AS at the Cheltenham Festival every year, races are won by horses whose riders, trainers, grooms and sometimes owners, started off in other equestrian disciplines, such as hunting, show jumping and eventing and most of these were members of their local Pony Club Branches.

This year’s meeting commenced with a focus on one such individual, the late Michael O’Sullivan, with the opening Supreme Novices’ Hurdle (Grade 1) being named in honour of the one-time show jumper and eventer, who hunted with the Duhallows and was a former member of the pack’s Branch of the Irish Pony Club.

The Grade 1 race was won Kopek Des Bordes, whose jockey Paul Townend and trainer Willie Mullins were two of the many racing professionals, who paid tribute to Michael during the week - particularly on Wednesday, when the two horses he partnered to victory at the 2023 Festival, Marine Nationale and Jazzy Matty, won again.

Also on Wednesday, the Glenfarclas Cross County Chase was won by the Gavin Cromwell-trained, Keith Donoghue-ridden Stumptown.

In November, Noel Mullins reported from the opening meet of the Fingal Harriers and photographed Gavin, on foot, with his sons, Jake and Cameron.
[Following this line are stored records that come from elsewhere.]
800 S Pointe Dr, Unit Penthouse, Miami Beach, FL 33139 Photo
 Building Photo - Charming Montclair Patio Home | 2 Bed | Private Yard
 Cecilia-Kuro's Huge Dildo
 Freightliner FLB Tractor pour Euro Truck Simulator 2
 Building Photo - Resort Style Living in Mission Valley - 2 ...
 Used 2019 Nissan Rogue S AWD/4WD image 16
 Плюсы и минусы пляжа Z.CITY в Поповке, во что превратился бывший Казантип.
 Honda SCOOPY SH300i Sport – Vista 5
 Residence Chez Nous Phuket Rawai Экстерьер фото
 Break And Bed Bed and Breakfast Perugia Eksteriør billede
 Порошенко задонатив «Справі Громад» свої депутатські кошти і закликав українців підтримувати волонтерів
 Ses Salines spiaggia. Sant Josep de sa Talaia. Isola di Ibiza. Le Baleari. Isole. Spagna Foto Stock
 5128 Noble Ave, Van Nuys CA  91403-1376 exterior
When asked after Wednesday’s race by Alice Fox-Pitt what makes the cross-country course such a specialist track for him, Keith replied: “I grew up hunting with the Ward Union and it all comes back to that.”

While we have covered wins here in the past for former show jumpers like Danny Mullins and eventers such as Joseph O’Brien, who were on the mark again this year, there was a first win at the Festival on Wednesday for another from the show jumping ranks, Jody Townend. A well-known performer over the coloured poles with One Lucky Strike, Jody won the Grade 1 Weatherbys Champion Bumper on the five-year-old mare Bambino Fever, trained by that man Willie Mullins.

Having missed a lot of winning rides through injury earlier in the season, it was great to see former show jumper, eventer, show pony rider, etc, Rachael Blackmore recorded a double for Henry de Bromhead on the Thursday with Air Of Entitlement in the Ryanair Mares’ Novices’ Hurdle (Grade 2) and on Bob Olinger in the Paddy Power Stayers’ Hurdle (Grade 1).

The Boodles Cheltenham Gold Cup (Grade 1) winner Inothewayurthinkin, trained by Gavin Cromwell for J.P. McManus and ridden by Mark Walsh, led an Irish whitewash on Friday, as the Festival came to a close. There was a hat trick of sorts for one man involved in both showing and racing, John Roche, as the Presenting gelding he bred, Its On The Line, finished second for the third year running in the St James’s Place Festival Challenge Cup Open Hunters’ Chase.

All week, former Irish-trained point-to-point horses visited the winner’s enclosure, among them the very impressive Willie Mullins-trained Fact To File who, in the colours of J.P. Manus and in the hands of Mark Walsh, landed Thursday’s Ryanair Chase (Grade 1). The French-bred gelding won a five-year-old geldings’ maiden at Bellharbour in February 2022 on his only start for Donnchadh Doyle.